Il a même qualifié l’opposition de « forces hostiles à l’Etat » et a dit vouloir protéger le pays de menaces émanant de la Corée du Nord. « Notre Assemblée nationale est devenue un refuge de criminels, un repaire de dictature législative qui cherche à paralyser les systèmes administratif et judiciaire et à renverser notre ordre démocratique libéral », a-t-il encore justifié.

Des manifestations immédiates à l’appel de l’opposition

Le chef de l’opposition sud-coréenne, Lee Jae-myung, qui a perdu de justesse les élections présidentielles de 2022, a qualifié la loi martiale d’ « illégale » et a appelé la population à se rassembler devant le parlement en signe de protestation.

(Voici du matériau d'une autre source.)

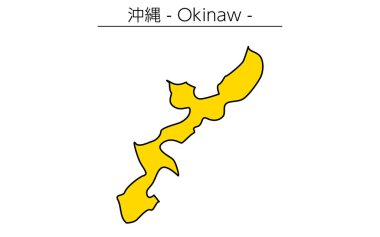 Simple map of Okinawa prefecture, Japan Region, Vector Illustration clipart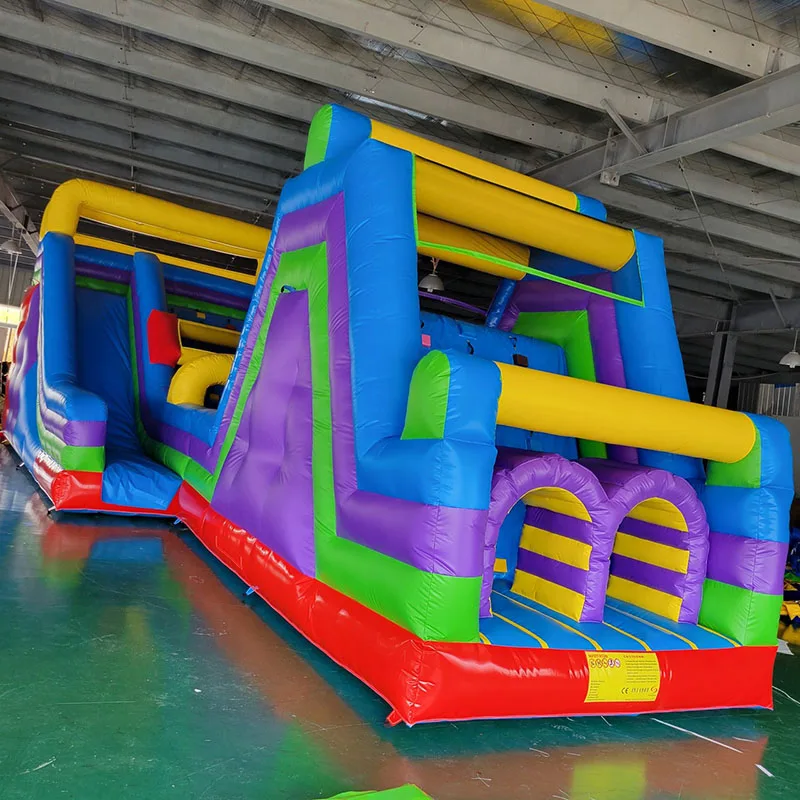 

Customized PVC Inflatable Obstacle Course Jumping Bounce Game Detachable and Segment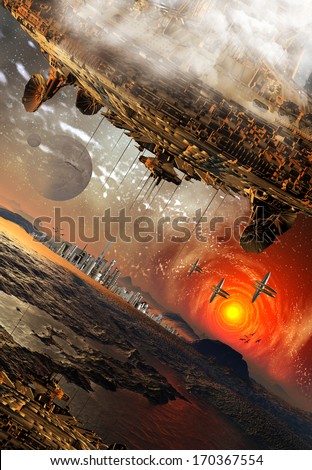 Alien Planet and Spaceships Alien Planet and Spaceships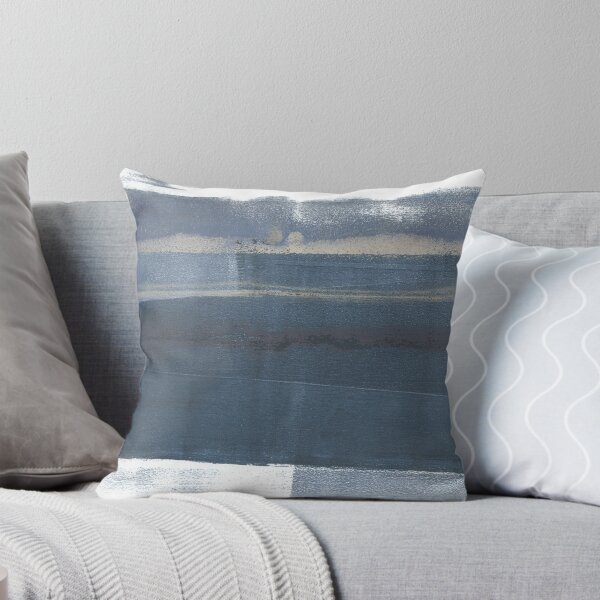 Aperçu de l'œuvre Paysage abstrait minimaliste moderne bleu gris "Toundra" créée et vendue par Janine Aykens.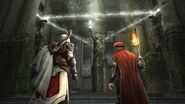 Ezio et Leonardo ouvrant le temple de Pythagore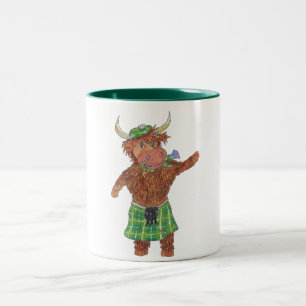 Hochlandkuh Tartandistel Zweifarbige Tasse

Des centaines de personnes ont entendu son appel, affluant devant le Parlement, à partir d’une heure du matin, heure locale (17 heures heure française), chantant « Arrêtez Yoon Suk Yeol ». Des hélicoptères militaires ont atterri sur le toit du parlement à Séoul, d’après des images en direct diffusées par les chaînes de télévision.

Quelque 190 députés sont parvenus à entrer dans l’Assemblée, après en avoir été brièvement empêchés par des soldats qui ont fini par quitter les lieux. Ils ont voté à l’unanimité en faveur d’une motion bloquant l’application de la loi martiale et appelant à sa levée. « Sur les 190 députés présents, 190 se sont prononcés en faveur de la résolution demandant la levée de la loi martiale, qui est donc adoptée », a déclaré le président de l’Assemblée nationale, Woo Won-shik. Depuis, l’armée a réaffirmé son allégeance au président.

Qu’aurait impliqué la loi martiale ?

La loi martiale n’avait pas été utilisée depuis plus de quarante ans dans le pays, qui a connu un processus de démocratisation et de libéralisation à la fin du XXe siècle. Elle prévoit l’interdiction de toutes les « activités politiques ». Les médias sont placés sous la surveillance du gouvernement.

Une communauté internationale qui a fait pression

Différents pays ont réagi à la proclamation de la loi martiale, généralement avec préoccupation. « Nous suivons la situation de très près et avec inquiétude », a déclaré Stéphane Dujarric, porte-parole du secrétaire général de l’ONU. « La situation est alarmante. Nous la suivons de près », a déclaré de son côté le porte-parole de la présidence russe Dmitri Peskov à l’agence de presse Interfax.

« Nous observons avec une grande inquiétude les récents développements en Corée du Sud, a commenté pour sa part Kurt Campbell, adjoint du secrétaire d’Etat américain. Nous espérons et attendons que les différends politiques soient résolus pacifiquement et dans le respect de l’État de droit. » Les Etats-Unis ont aussi affirmé ne pas avoir été mis au courant à l’avance de la décision du président sud-coréen, et espèrent que le vote du Parlement pour suspendre la loi martiale sera respecté. En France, Emmanuel Macron, actuellement en déplacement en Arabie saoudite, n’a pas fait de commentaire.

Tous ces avertissements et les troubles immédiats qui ont éclaté dans la capitale semblent avoir ramené le président sud-coréen à la raison.